_Aim of the exercise_: The expected output is an exact copy of the lines from the one containing "spidermonkey769" to the final line below, minus any pictures.
..............................
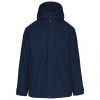 Kariban KA657 3-IN-1 PARKA 3XL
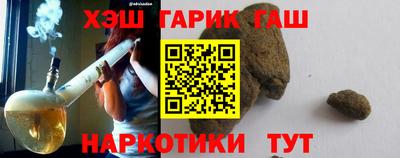 прущие грибы Канаш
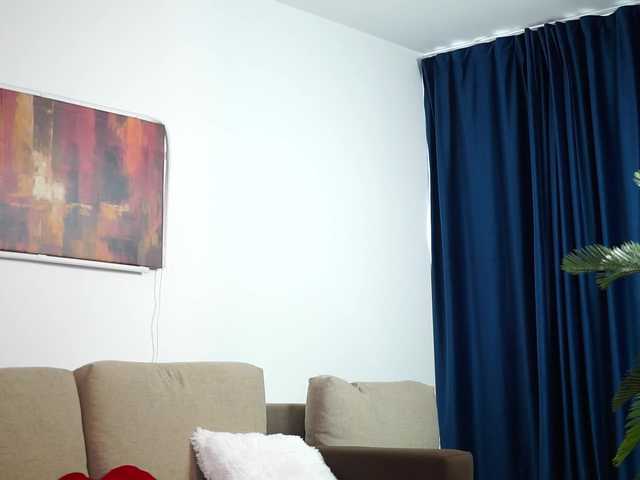 LucyyRosse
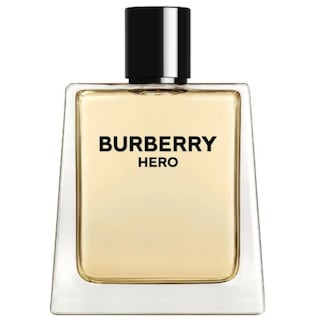 Foto 2 | Burberry Set 2 Pzs Burberry Hero 100 Ml Eau De Toilette Caballero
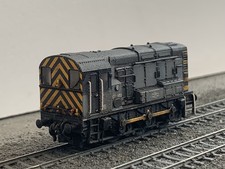 371 007a graham for sale  ROSS-ON-WYE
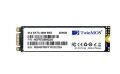 256GB TwinMOS M.2 2280 Sata3 580Mb-550Mb/s (NGFFEGBM2280) SSD Disk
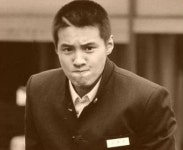 [★포토]빡빡이여도 단발이어도 멋있는 원빈①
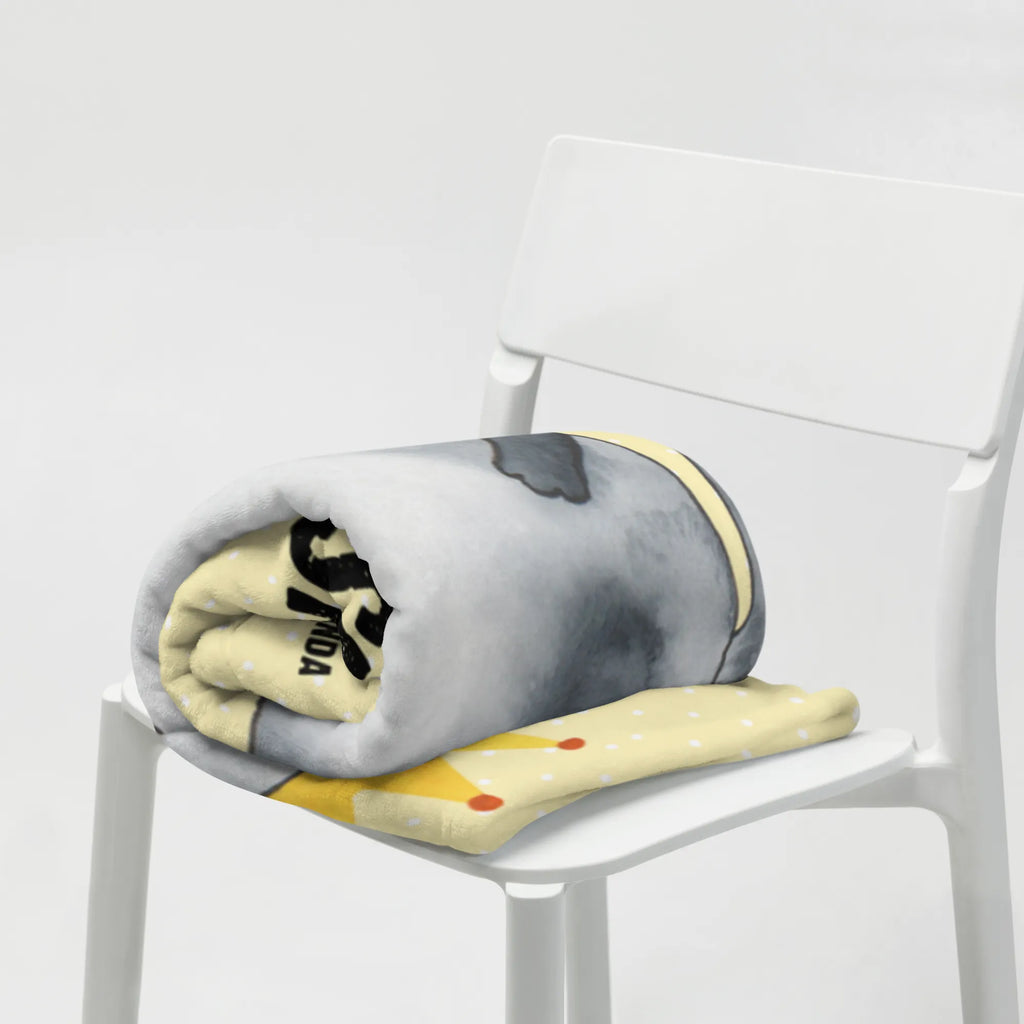 Baby blanket with name Cat king cat, tomcat, kitty, meow, kitten, housecat, mama cat, love cats, cat image, cat fan, cat lover, cat fancier, cat decoration, gift for cat lover, cat owner, funny cats, cat sayings, cat motto, funny cat gifts, fan merchandise, cat stuff, animal lover, queen, first own apartment, cats, family, move, pussy, king, moving in, apartment, pet, tenement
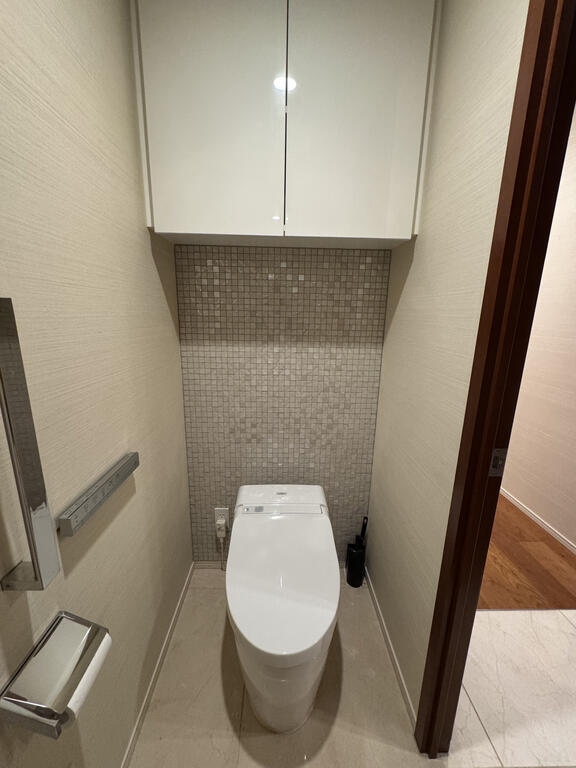パークコート赤坂檜町ザタワーのその他写真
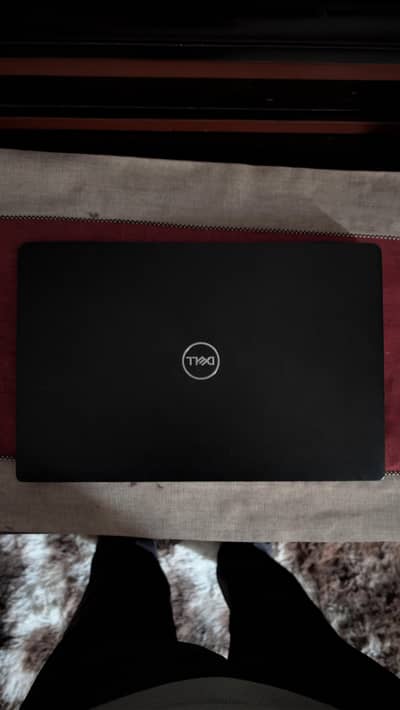 Dell latitude 7330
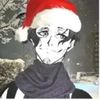 spidermonkey769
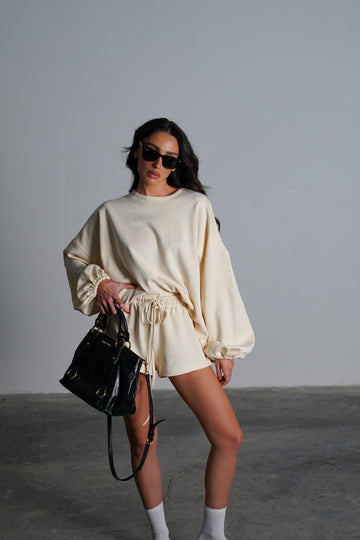 חליפת סילבן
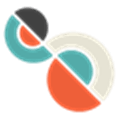Triangulator Alternatives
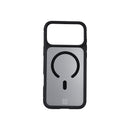Incipio Carbon for Magsafe for iPhone 18 Pro Max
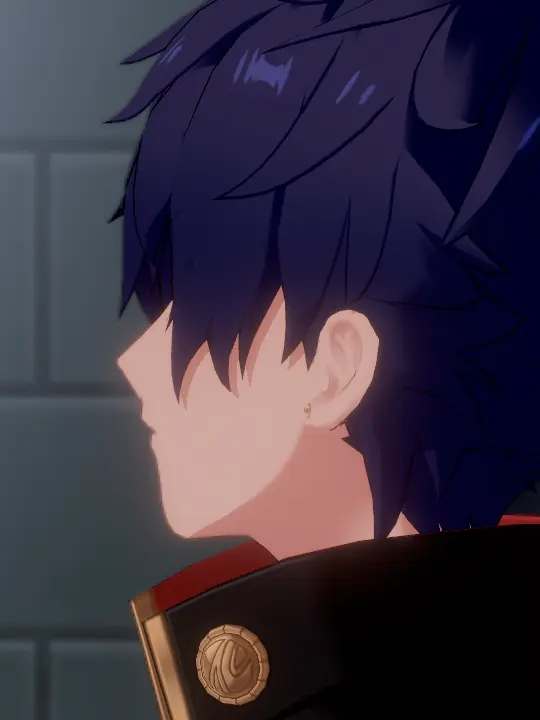 y_2._.4_a의 あんたはいつだって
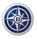 Logo Davidoff GmbH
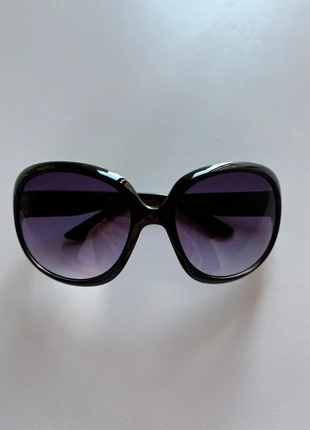 occhiali da sole, marke: y2k, zustand: Neu, 15,00 €, 16,45 € inklusive Vinted-Käuferschutz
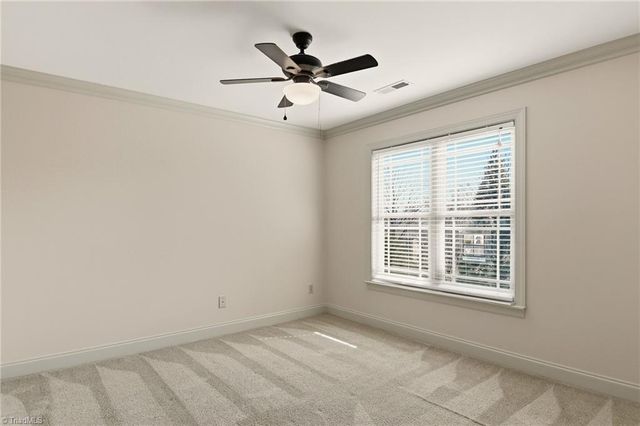 970 Boyer Drive, Clemmons, NC 27012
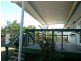 Garbutt QLD 4814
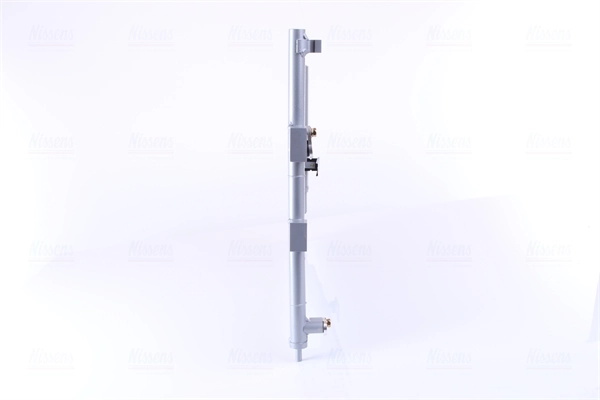 Condenser, air conditioning ** FIRST FIT ** 940197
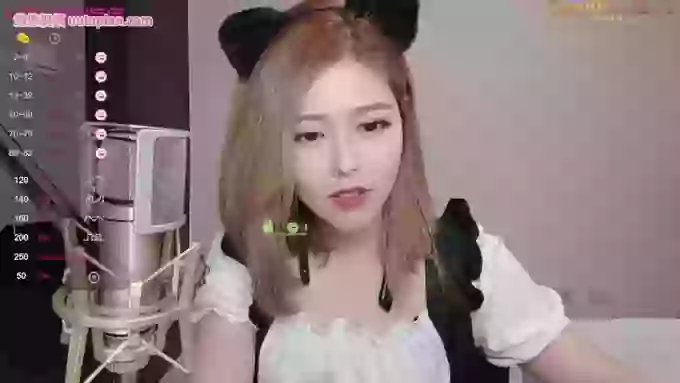 tw_lala
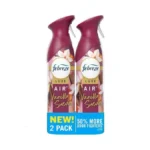 Verified image for post 288477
..............................
_Solution to the exercise_:
 spidermonkey769
 חליפת סילבן
Triangulator Alternatives
Incipio Carbon for Magsafe for iPhone 18 Pro Max
 y_2._.4_a의 あんたはいつだって
 Logo Davidoff GmbH
 occhiali da sole, marke: y2k, zustand: Neu, 15,00 €, 16,45 € inklusive Vinted-Käuferschutz
 970 Boyer Drive, Clemmons, NC 27012
 Garbutt QLD 4814
 Condenser, air conditioning ** FIRST FIT ** 940197
 tw_lala
 Verified image for post 288477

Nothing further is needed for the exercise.